We’ve had several clients unfortunately lose their spouses (some at a very early age) over the past few years. So today, I want share with you how we helped out in those difficult situations and how financial planning has benefitted them.
GETTING ORGANIZED
By far, the biggest thing that we hear when someone loses a spouse is that they feel extremely unorganized. They have so many thoughts on their mind and so many tasks to accomplish and they are not even sure where to start.
PROVIDING A TO-DO LIST
To remedy this feeling of being overwhelmed and unorganized, we take widows and widowers through a financial planning process. We discuss many different things and end out providing them with a To-Do List.
We tell them exactly everything that they need to do. And we are here for them when any other issues pop us as they’re going through this difficult time.
FINANCIAL PLANNING PROCESS
In many cases, widows and widowers don’t really know what to do when they’ve lost a spouse. This is likely a situation they’ve never been in before. Beyond contacting the funeral home, they don’t really know what all needs to be done. To top it all off, they are grieving and not really in a position to line everything up.
In these situations, we’ve provided a road map to surviving spouses to help them know:
Whether or not they should stay in their current home
We’ve seen situations where the surviving spouse thought they needed to move out of their house, but after running the numbers we were able to tell them they could stay put if they wanted.
We’ve also seen situations where we had to recommend that a spouse move into a more affordable place. While not a fun conversation to have, it is necessary to protect the widow / widower from running out of money or jeopardizing their other goals.
If staying in the home is a top priority, then it will be important to determine whether any other adjustments to the finances need to be made in order to accomplish this goal.
If their retirement picture is on track
When a spouse dies, income likely goes down, which often times means that less is now being saved toward retirement. Hopefully there is life insurance in place to make up for this loss. But none-the-less, it will be important to do some analysis to determine if you are still on track for retirement. And if not, what can be done to remedy the situation.
If you are already retired when your spouse dies, you’ll only be able to count on one Social Security income instead of two. As a result, you may now have to withdraw more from your investment accounts to make up for the difference. In these situations, financial planning helps to determine whether or not your investments are projected to run out. It’s better to find this out right away rather than later when it may be too late to do anything about it.
How to handle life insurance proceeds
If there is life insurance proceeds, then it’s been our experience that surviving spouses get really nervous with a sizable amount of money sitting in their checking or savings account. Or in some cases, the check never gets cashed and just sits on the kitchen table, countertop, or dresser at home. Either way, there is a great sense of nervousness and stress.

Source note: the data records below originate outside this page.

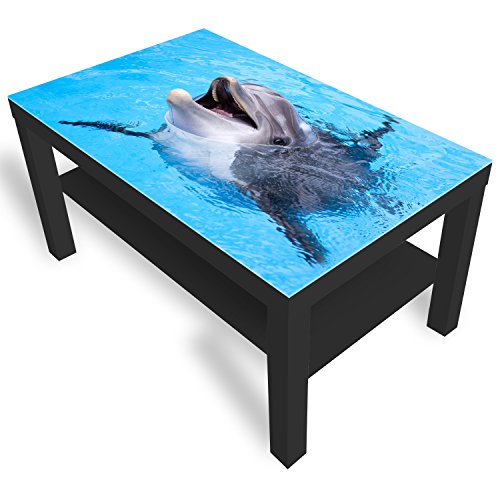 DekoGlas Beistelltisch Couchtisch 'Glückliches Delphin' Sofatisch mit Motiv Glasplatte Kaffee-Tisch, 90x55x45 cm Schwarz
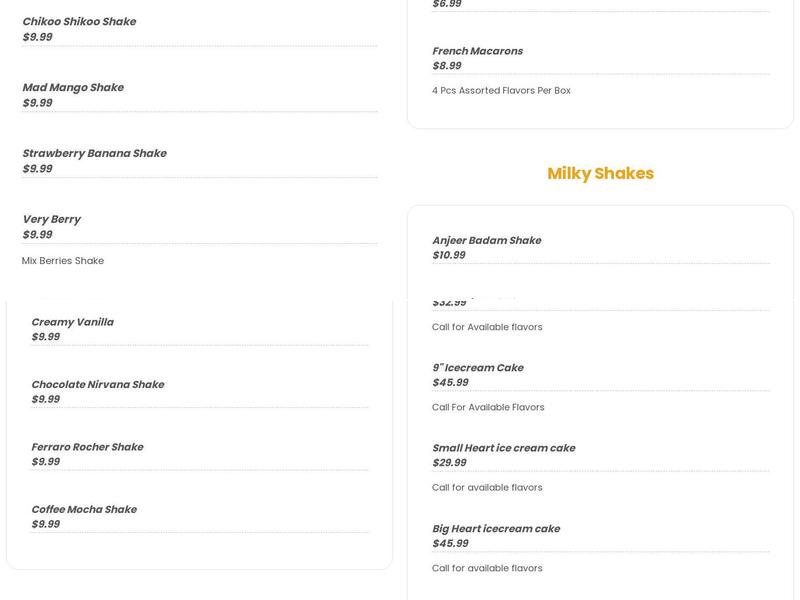 Kwality Ice Cream & Bakers Menu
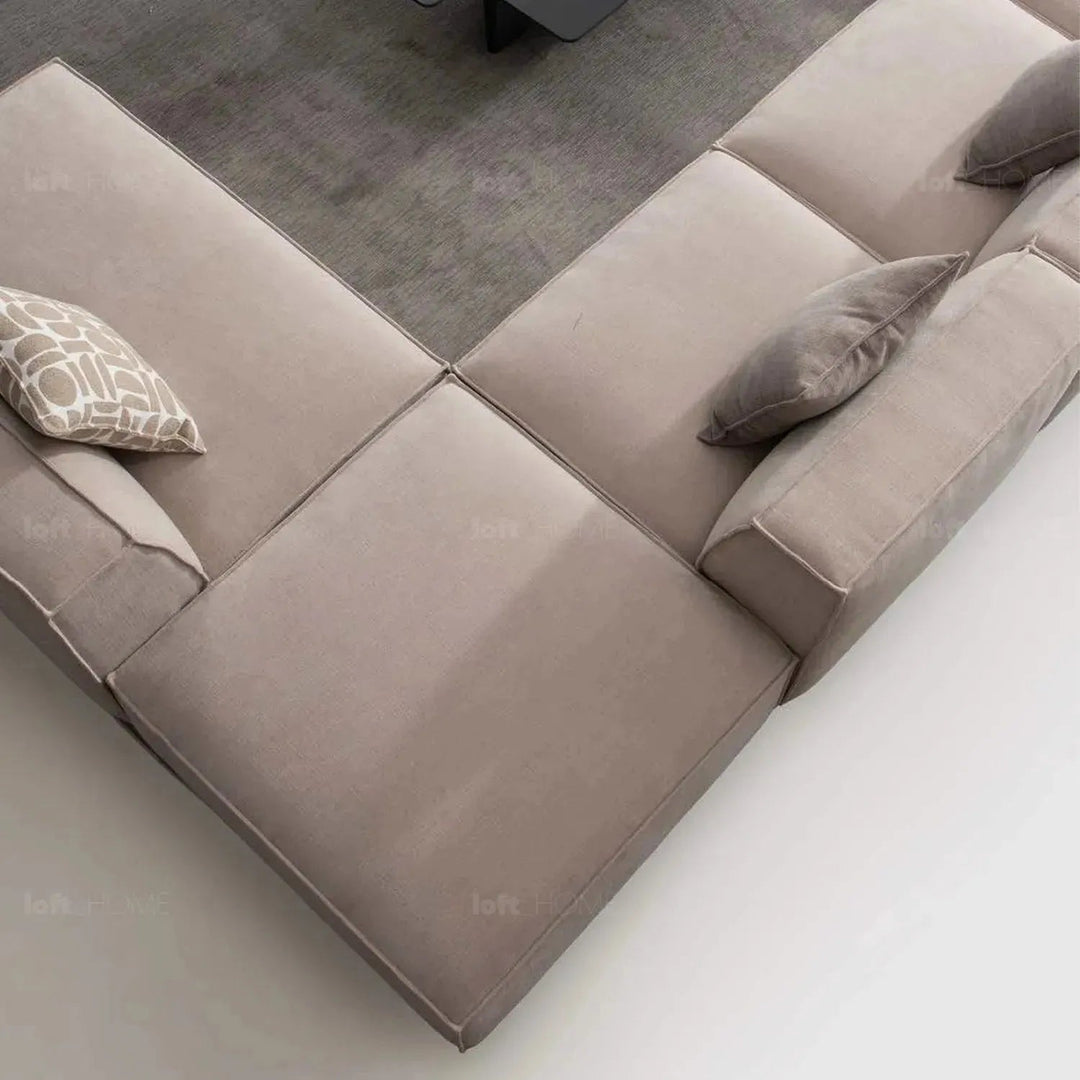 Minimalist Mixed Weave Fabric L Shape Sectional Sofa GLADE 3+Ottoman+L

The financial planning process can help to determine what needs to be done with the money. It will help to answer questions such as:
– How much money should be kept in checking and savings?

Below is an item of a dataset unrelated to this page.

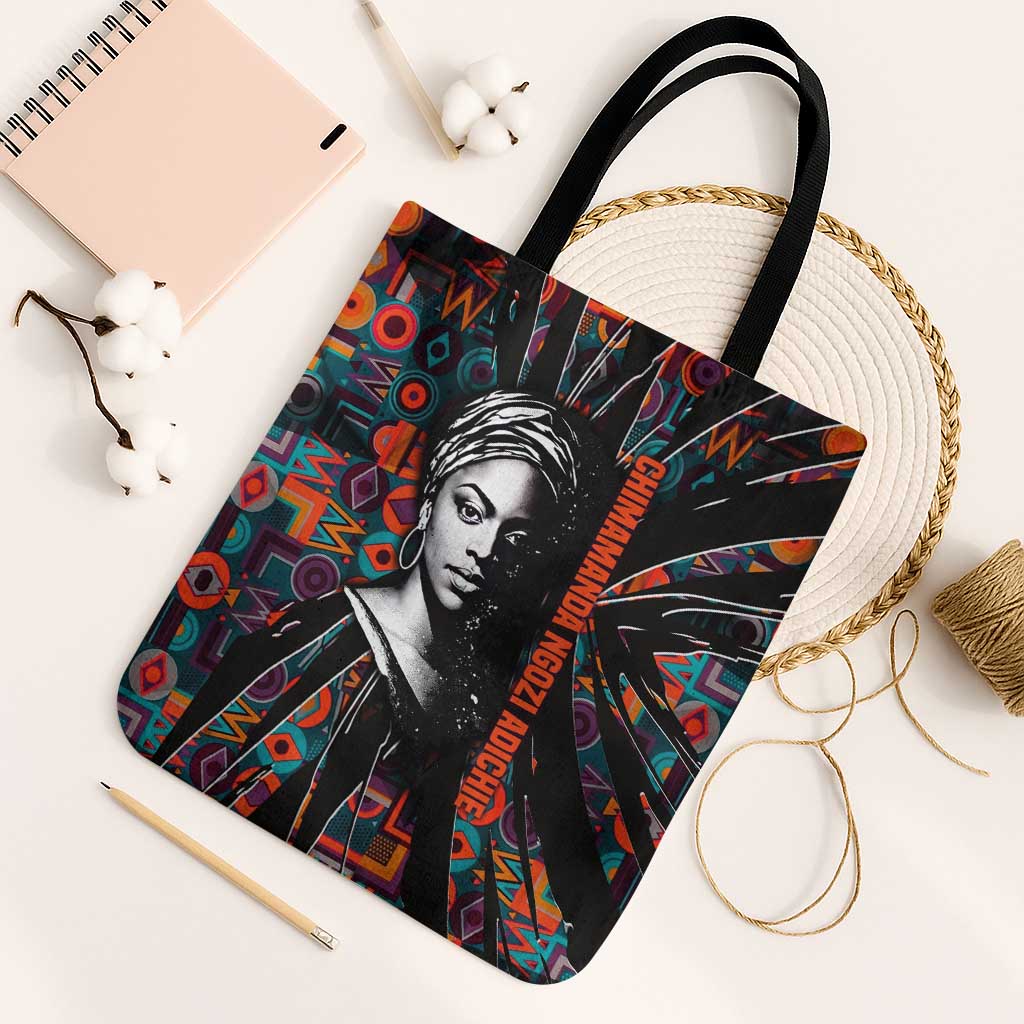 Chimamanda Ngozi Adichie Tote Bag with Monochrome Portrait, The Danger of a Single Story Quote - African Pride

– Should the mortgage should be paid off?
– How much should be invested (towards retirement, children’s college, other purposes)?
– Should other debts be paid off?
– Can I buy a new car?
– Can I use some of the money to fix up the house?
These are the types of questions that pop up and it’s important to address them and properly plan for them so that you don’t make a decision that hurts you down the road.
One of the biggest temptations when a person receives a large amount of money is to pay cash for large purchases (i.e. car or house) or pay off debt. Depending on the situation, the decision you make here could have negative consequences for a long time to come. Financial planning can help you make an informed decision.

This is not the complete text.